My perspective is that there are several tradeoffs in choosing between an open app-submission process and a review-based app-approval process. However, a review process (like the one for the iPhone app store) that lacks transparency, clear guidelines and consistency isn’t helpful to developers and doesn’t help users either.
More openness, Adobe Flash: Apple requires all app-store apps to be built with Objective-C and explicitly prohibits the use of cross-platform tools such as Adobe’s Flash-to-iPhone compiler. Google has no such prohibitions and permits cross-platform tools.
However, it should be noted that Adobe’s “cross-platform” tools only work for the iPhone and they haven’t yet created a Flash-to-Android compiler (presumably because they believed that the iPhone platform was more important than Android)
More openness, open-source: Android scores points with several people because it is open-source. Symbian is also open-source. The iPhone and Windows Phone platforms are closed source. Note that several Google Android apps (such as the Market, Google Maps, Gmail etc.) are closed-source apps.
Openness and Platform Fragmentation: When Twitter released their official iPhone app, every iPhone owner could have downloaded the app. Every iPhone owner can also download iPhone OS 3.1.3 (the latest OS)
However, when Twitter released their official Android app, only 27.3% of Android owners could even consider downloading the app. The other 72.7% users didn’t have the ability to download Android 2.1 and therefore couldn’t download the app. In this case, the “open-source” nature of Android and Google’s carrier-friendly-policy make it possible for carriers to create their own version of Android and deny users the ability to download later versions of Android.
As illustrated by the Twitter example, Android fragmentation problem makes life difficult for developers and consumers. In addition, the carriers and Google generally don’t attempt to backport bug-fixes into earlier versions of Android. This means that apps that run on both old and new versions of Android may need to implement different code for different Android versions. While fragmentation is not non-existent in the iPhone world, its impact in the iPhone world is tiny in comparison to Android.

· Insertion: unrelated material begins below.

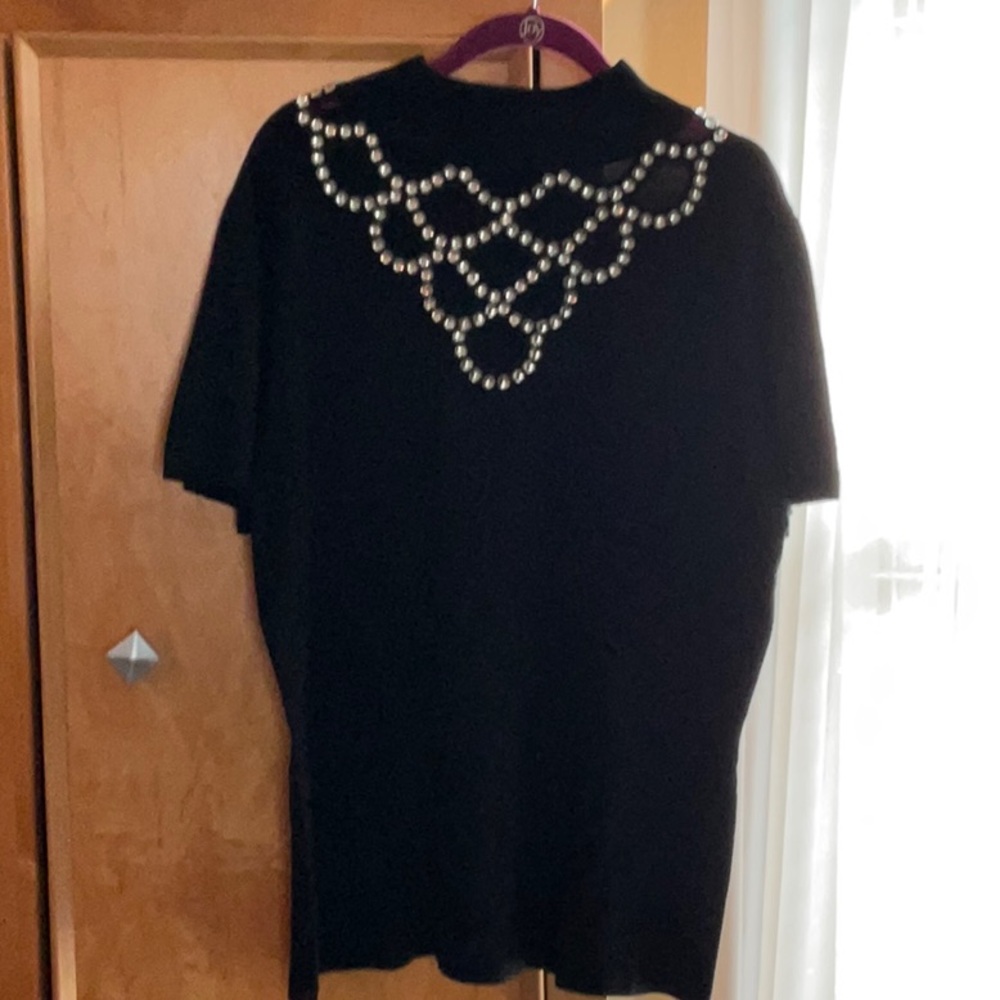 Midnight Velvet Black Sweater with Silver Accents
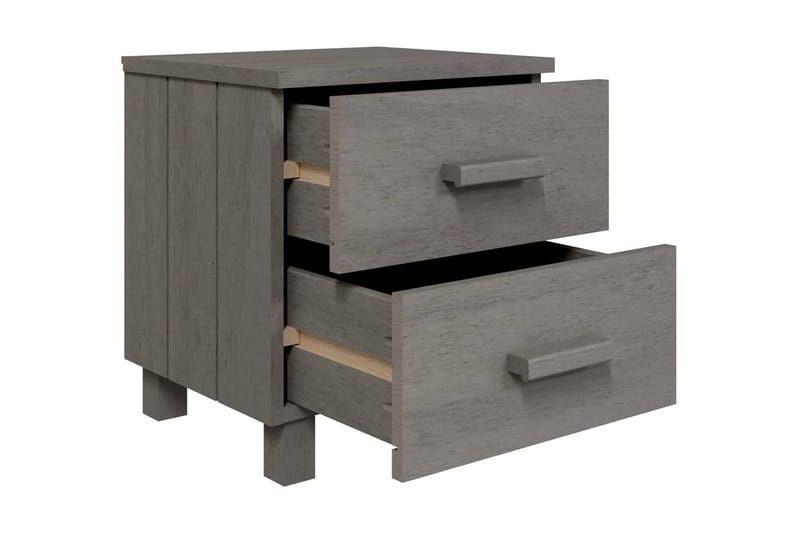 Sängbord 2 st ljusgrå 40x35x44,5 cm massiv furu - Grå - Möbler - Bord & matgrupper - Avlastningsbord - Sängbord & nattduksbord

Managing different devices, hybrid approach for Windows Phone 7: When I was at Microsoft, one of the biggest challenges we saw with mobile web apps (a decade ago) was the fact that we dealt with hundreds of different devices from different carriers around the world. These devices followed different specs (for instance, some supported cookies, come didn’t), implemented the same spec inconsistently and sometimes had bugs.
To a great extent, similar problems exist for Android apps – as devices from different manufactures (or even the same manufacture) may have different screen resolutions, different device sizes, different hardware features, different bugs etc.
The iPhone eliminates most (though not all) of these problems as all devices come from Apple. From a developer perspective, the impact of different device capabilities (e.g. iPhone camera apps can’t work on iPod Touch) is fairly small in comparison with Android.
Interestingly, Windows Phone 7 plans to follow a hybrid approach. Like Android phones, Windows Phone 7 devices will be created by several different manufacturers. However, all manufactures will be required to follow the same spec (e.g. 400×800 screen resolution, 4-point touch etc.) So UI design and implementation for Windows Phone 7 should be easier than corresponding work for Android devices.
App store Revenue share: Apple created/pioneered the 70-30 revenue split model (with Apple getting 30% and the developer getting 70% of app sales). Other smartphone app stores have followed suit with a 70-30 model and Amazon has also adopted the 70-30 model for its Kindle content.
While Android also uses the 70-30 model, Google doesn’t get the 30% revenue-share from app sales. Instead the carriers (e.g. Verizon) get the 30% revenue share. It appears that Google signs advertisement-revenue sharing deals with carriers who pre-install Google apps (like Search, Maps etc.) on the phone. This model seems to conform to Google’s overall strategy of focusing on search and advertising which are its primary money-makers
Refunds: The Android market lets users get a full refund for apps that they return within 24 hours. One complaint I’ve heard is that the refund feature leads to app piracy (with some users saving a copy of the app, returning it for a refund and then reinstalling the saved copy)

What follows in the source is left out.